Ensemble Retriever

El EnsembleRetriever toma una lista de buscadores (retrievers) como entrada y agrupa (ensemble) los resultados de sus métodos get_relevant_documents(), para después reorganizar los resultados usando el algoritmo de Fusión de Rango Recíproco (Reciprocal Rank Fusion).

Al aprovechar las fortalezas de diferentes algoritmos, el EnsembleRetriever puede lograr un rendimiento mejor que cualquier algoritmo individual.

Un patrón común es combinar un buscador disperso (como BM25) con un buscador denso (como similaridad de incrustación/embedding), ya que sus fortalezas son complementarias. Esto también se conoce como “búsqueda híbrida”.

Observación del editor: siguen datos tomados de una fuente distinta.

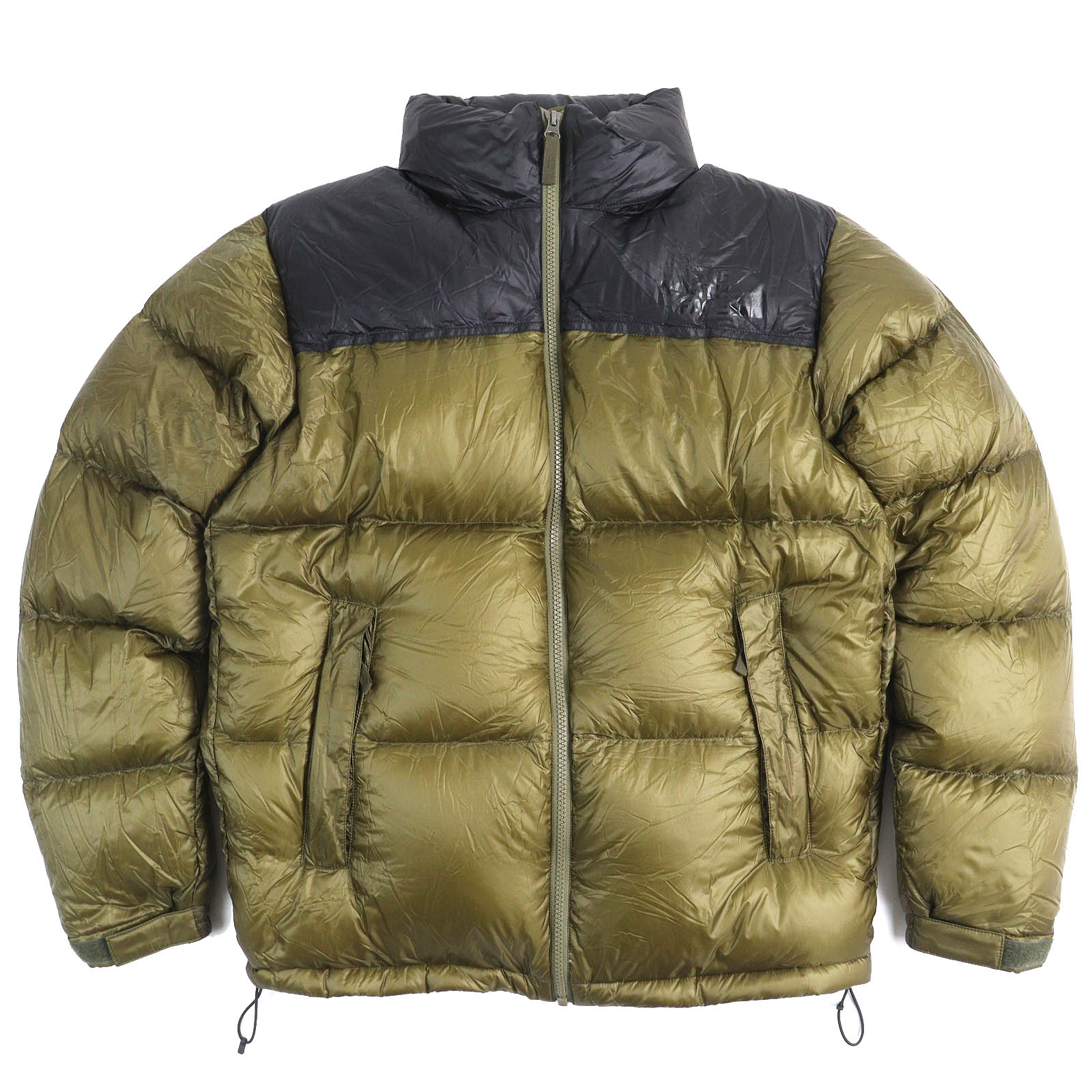 美品△THE NORTH FACE ザ・ノースフェイス ND92031R Nuptse Jacket ヌプシジャケット オンライン限定品 ミリタリーシリーズ ダウンジャケット カーキ ブラック M 正規品 メンズ【中古】|衣類&ブランドリサイクル GREEN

Buscador Disperso (Sparse Retriever): Es eficaz para encontrar documentos relevantes basados en palabras clave.
Buscador Denso (Dense Retriever): Es eficaz para encontrar documentos relevantes basados en similitud semántica.

Librerías

from dotenv import load_dotenv
from langchain.embeddings import OpenAIEmbeddings
from langchain.retrievers import BM25Retriever, EnsembleRetriever
from langchain.vectorstores import Chroma

from src.langchain_docs_loader import load_langchain_docs_splitted

load_dotenv()

True

Carga de datos

docs = load_langchain_docs_splitted()

Inicialización de retrievers independientes

bm25_retriever = BM25Retriever.from_documents(docs)
bm25_retriever.k = 2

vector_retriever = Chroma.from_documents(
    docs, embedding=OpenAIEmbeddings()
).as_retriever(search_kwargs={"k": 2})

Retrying langchain.embeddings.openai.embed_with_retry.<locals>._embed_with_retry in 4.0 seconds as it raised RateLimitError: Rate limit reached for default-text-embedding-ada-002 in organization org-vwqjdaXGZeEg6mWAVSflJXD9 on tokens per min. Limit: 1000000 / min. Current: 834322 / min. Contact us through our help center at help.openai.com if you continue to have issues..
Retrying langchain.embeddings.openai.embed_with_retry.<locals>._embed_with_retry in 4.0 seconds as it raised RateLimitError: Rate limit reached for default-text-embedding-ada-002 in organization org-vwqjdaXGZeEg6mWAVSflJXD9 on tokens per min. Limit: 1000000 / min. Current: 742721 / min. Contact us through our help center at help.openai.com if you continue to have issues..
Retrying langchain.embeddings.openai.embed_with_retry.<locals>._embed_with_retry in 4.0 seconds as it raised RateLimitError: Rate limit reached for default-text-embedding-ada-002 in organization org-vwqjdaXGZeEg6mWAVSflJXD9 on tokens per min. Limit: 1000000 / min. Current: 652165 / min. Contact us through our help center at help.openai.com if you continue to have issues..

Ensamblaje de retrievers

ensemble_retriever = EnsembleRetriever(
    retrievers=[bm25_retriever, vector_retriever], weights=[0.5, 0.5]
)

ensemble_retriever.get_relevant_documents(
    "¿Cómo utilizar un retriever con langchain expression language?"
)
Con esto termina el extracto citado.